Stored records:

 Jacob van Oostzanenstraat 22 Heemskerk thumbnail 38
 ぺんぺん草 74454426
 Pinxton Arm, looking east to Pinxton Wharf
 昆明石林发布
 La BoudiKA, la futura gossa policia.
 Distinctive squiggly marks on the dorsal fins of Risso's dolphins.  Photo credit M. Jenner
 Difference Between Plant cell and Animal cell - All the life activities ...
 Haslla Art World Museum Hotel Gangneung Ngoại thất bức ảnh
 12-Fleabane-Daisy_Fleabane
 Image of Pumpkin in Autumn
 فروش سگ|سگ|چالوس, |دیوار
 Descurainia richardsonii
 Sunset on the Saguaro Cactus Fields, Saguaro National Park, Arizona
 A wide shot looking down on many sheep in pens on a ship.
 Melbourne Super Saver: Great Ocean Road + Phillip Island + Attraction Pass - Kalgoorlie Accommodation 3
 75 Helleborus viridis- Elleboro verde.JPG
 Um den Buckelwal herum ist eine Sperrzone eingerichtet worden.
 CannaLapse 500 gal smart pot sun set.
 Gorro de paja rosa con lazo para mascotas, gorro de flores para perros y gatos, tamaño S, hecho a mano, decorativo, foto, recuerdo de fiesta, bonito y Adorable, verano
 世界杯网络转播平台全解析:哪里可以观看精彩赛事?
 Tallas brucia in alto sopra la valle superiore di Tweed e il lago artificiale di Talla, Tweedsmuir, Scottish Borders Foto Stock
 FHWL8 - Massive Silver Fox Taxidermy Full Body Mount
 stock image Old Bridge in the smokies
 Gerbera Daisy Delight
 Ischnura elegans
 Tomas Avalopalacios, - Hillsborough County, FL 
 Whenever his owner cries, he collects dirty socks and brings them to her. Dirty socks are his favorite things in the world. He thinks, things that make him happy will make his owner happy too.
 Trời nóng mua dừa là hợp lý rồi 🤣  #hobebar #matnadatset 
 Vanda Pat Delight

Exercise: Starting at the line above that holds "ぺんぺん草 74454426" and ending at the line that holds "Difference Between Plant", transcribe each line exactly and include no other lines.

Solved problem:
 ぺんぺん草 74454426
 Pinxton Arm, looking east to Pinxton Wharf
 昆明石林发布
 La BoudiKA, la futura gossa policia.
 Distinctive squiggly marks on the dorsal fins of Risso's dolphins.  Photo credit M. Jenner
 Difference Between Plant cell and Animal cell - All the life activities ...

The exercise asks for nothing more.